*YOUR OBJECTIVE*. Your answer must consist solely of the line containing "4girls a-1_pictures akuto" and all subsequent lines through the end of the entries, reproduced exactly.

*DATA FOR THE TASK*.

——————

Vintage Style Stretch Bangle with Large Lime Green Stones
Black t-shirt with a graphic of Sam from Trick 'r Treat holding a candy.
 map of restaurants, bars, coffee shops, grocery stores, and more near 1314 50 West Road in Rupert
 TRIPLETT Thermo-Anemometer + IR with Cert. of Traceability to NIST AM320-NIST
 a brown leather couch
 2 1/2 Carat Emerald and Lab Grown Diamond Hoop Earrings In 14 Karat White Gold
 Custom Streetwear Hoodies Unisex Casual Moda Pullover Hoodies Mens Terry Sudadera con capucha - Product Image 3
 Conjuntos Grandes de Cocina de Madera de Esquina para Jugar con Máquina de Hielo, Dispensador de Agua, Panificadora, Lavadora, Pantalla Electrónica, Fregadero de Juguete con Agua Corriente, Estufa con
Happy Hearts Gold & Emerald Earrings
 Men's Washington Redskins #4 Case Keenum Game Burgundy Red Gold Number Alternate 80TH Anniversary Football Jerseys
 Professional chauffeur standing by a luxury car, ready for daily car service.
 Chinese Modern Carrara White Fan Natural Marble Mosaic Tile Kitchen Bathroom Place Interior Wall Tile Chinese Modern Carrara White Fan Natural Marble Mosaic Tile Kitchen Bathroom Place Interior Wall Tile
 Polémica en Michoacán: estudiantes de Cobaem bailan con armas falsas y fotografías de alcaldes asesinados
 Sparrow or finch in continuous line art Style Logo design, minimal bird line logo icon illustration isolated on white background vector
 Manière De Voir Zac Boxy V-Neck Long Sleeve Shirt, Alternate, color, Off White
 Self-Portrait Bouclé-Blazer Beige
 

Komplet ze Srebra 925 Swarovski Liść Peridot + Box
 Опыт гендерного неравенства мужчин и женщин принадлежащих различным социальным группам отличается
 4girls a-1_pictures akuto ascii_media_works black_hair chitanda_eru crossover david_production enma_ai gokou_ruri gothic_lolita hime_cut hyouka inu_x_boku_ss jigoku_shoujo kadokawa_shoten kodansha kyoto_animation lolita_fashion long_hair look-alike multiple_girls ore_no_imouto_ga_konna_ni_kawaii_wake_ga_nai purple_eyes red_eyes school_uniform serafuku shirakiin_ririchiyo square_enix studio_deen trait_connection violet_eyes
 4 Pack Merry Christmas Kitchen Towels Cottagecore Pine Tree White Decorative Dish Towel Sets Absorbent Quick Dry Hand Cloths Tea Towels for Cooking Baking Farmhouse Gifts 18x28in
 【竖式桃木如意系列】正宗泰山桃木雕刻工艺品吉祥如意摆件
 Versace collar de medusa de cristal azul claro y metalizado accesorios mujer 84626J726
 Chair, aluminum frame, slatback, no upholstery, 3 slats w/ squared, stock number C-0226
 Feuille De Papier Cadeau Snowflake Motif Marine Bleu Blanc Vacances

——————

*SOLUTION BELOW*.
 4girls a-1_pictures akuto ascii_media_works black_hair chitanda_eru crossover david_production enma_ai gokou_ruri gothic_lolita hime_cut hyouka inu_x_boku_ss jigoku_shoujo kadokawa_shoten kodansha kyoto_animation lolita_fashion long_hair look-alike multiple_girls ore_no_imouto_ga_konna_ni_kawaii_wake_ga_nai purple_eyes red_eyes school_uniform serafuku shirakiin_ririchiyo square_enix studio_deen trait_connection violet_eyes
 4 Pack Merry Christmas Kitchen Towels Cottagecore Pine Tree White Decorative Dish Towel Sets Absorbent Quick Dry Hand Cloths Tea Towels for Cooking Baking Farmhouse Gifts 18x28in
 【竖式桃木如意系列】正宗泰山桃木雕刻工艺品吉祥如意摆件
 Versace collar de medusa de cristal azul claro y metalizado accesorios mujer 84626J726
 Chair, aluminum frame, slatback, no upholstery, 3 slats w/ squared, stock number C-0226
 Feuille De Papier Cadeau Snowflake Motif Marine Bleu Blanc Vacances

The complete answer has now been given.